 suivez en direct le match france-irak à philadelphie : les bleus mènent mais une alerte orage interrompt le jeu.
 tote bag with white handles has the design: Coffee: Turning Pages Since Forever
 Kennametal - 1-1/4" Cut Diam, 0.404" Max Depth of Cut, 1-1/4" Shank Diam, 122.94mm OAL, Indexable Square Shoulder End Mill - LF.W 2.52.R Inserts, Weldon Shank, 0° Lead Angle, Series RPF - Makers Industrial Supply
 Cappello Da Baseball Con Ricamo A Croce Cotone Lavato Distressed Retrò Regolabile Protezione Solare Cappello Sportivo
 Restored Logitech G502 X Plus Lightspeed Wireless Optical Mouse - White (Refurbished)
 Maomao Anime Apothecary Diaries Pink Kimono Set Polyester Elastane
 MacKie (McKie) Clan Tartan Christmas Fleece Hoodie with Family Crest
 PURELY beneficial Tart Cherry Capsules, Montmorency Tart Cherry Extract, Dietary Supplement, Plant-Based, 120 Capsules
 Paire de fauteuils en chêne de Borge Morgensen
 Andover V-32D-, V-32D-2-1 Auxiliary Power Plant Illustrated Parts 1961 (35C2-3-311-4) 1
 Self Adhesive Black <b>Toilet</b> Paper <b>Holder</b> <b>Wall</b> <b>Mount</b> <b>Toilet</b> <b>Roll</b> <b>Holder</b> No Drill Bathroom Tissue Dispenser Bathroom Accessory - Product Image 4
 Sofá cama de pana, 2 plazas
——————————
== PROBLEM ==
Write out exactly the lines above from the line with "Cappello Da Baseball" through the line with "Paire de fauteuils", both of them included, and leave out all other lines.

== PROBLEM SOLUTION ==
 Cappello Da Baseball Con Ricamo A Croce Cotone Lavato Distressed Retrò Regolabile Protezione Solare Cappello Sportivo
 Restored Logitech G502 X Plus Lightspeed Wireless Optical Mouse - White (Refurbished)
 Maomao Anime Apothecary Diaries Pink Kimono Set Polyester Elastane
 MacKie (McKie) Clan Tartan Christmas Fleece Hoodie with Family Crest
 PURELY beneficial Tart Cherry Capsules, Montmorency Tart Cherry Extract, Dietary Supplement, Plant-Based, 120 Capsules
 Paire de fauteuils en chêne de Borge Morgensen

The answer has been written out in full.